The upcoming election has indeed already seen more than its fair share of artificial content, with major players such as the Republican National Committee and Trump’s campaign team putting out their own advertisements using voice cloning technology and AI to generate images and videos.
In fact, Farid and his students at UC Berkeley, concerned about how deepfakes are weaponized in politics, are maintaining a site cataloging known examples of deepfakes in the upcoming 2024 presidential election.
“It’s not new that politicians are going to lie to you or the voters. It’s not new that we are going to distort reality. But what is new is the democratized access to technology that allows anyone…to create images, audio, and video that are incredibly realistic,” added Farid in an interview with CNBC’s Squawk Box.
As a result of this access, the “realistic” nature of AI-generated content blurs the line between real and fake, leading to what’s known as the “liar’s dividend,” wherein if anything can be faked, then then nothing has to be real. The existence of synthetic material can sow doubt about the authenticity of a piece of content, allowing people to claim genuine content is fake or bad. “When we entered this age of deepfakes,” Farid explained to NPR, “anybody can deny reality.”

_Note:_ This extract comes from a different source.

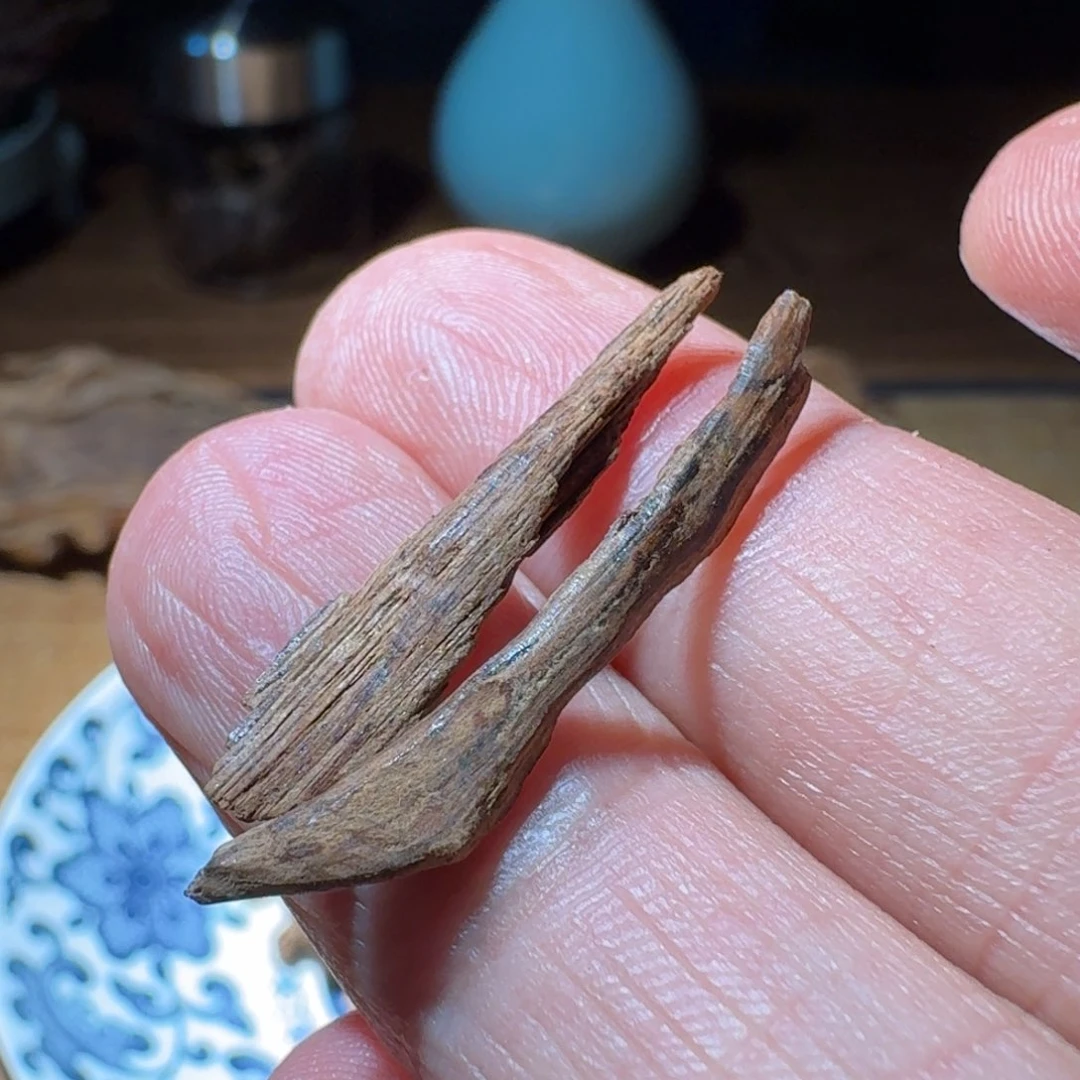 树脂制品港土熟树心油 0.26 克棋韵十足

In order to combat the influx of fake AI-generated content, Farid advocates for regulation by AI companies, social media sites, and election campaigns themselves. He believes that using tools such as watermarks, cryptographic signatures, and fingermarks can make it easier to identify the real from the fake. Projects like the Content Authenticity Initiative are crucial to helping prioritize and standardize the authentication process.
At times like this, seeing is no longer believing. So as the election slowly approaches, it’s about time to start paying attention…or you might just be deceived by a deepfake.